A feature of the present invention is that prototype periods are
used to represent and reconstruct the speech signal. Coding the
prototype period rather than the entire speech signal reduces the
required bit rate, which translates into higher capacity, greater
range, and lower power requirements.
Another feature of the present invention is that a past prototype
period is used as a predictor of the current prototype period. The
difference between the current prototype period and an optimally
rotated and scaled previous prototype period is encoded and
transmitted, further reducing the required bit rate.
Still another feature of the present invention is that the residual
signal is reconstructed at the decoder by interpolating between
successive reconstructed prototype periods, based on a weighted
average of the successive prototype periods and an average lag.
Another feature of the present invention is that a multi-stage
codebook is used to encode the transmitted error vector. This
codebook provides for the efficient storage and searching of code
data.
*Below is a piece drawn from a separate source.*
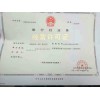 北京市东城区旅行社业务经营许可证申请手续的准备材料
Additional stages may be added to achieve a desired level of
accuracy.
Another feature of the present invention is that a warping filter
is used to efficiently change the length of a first signal to match
that of a second signal, where the coding operations require that
the two signals be of the same length.
Yet another feature of the present invention is that prototype
periods are extracted subject to a "cut-free" region, thereby
avoiding discontinuities in the output due to splitting high energy
regions along frame boundaries.
The features, objects, and advantages of the present invention will
become more apparent from the detailed description set forth below
when taken in conjunction with the drawings in which like reference
numbers indicate identical or functionally similar elements.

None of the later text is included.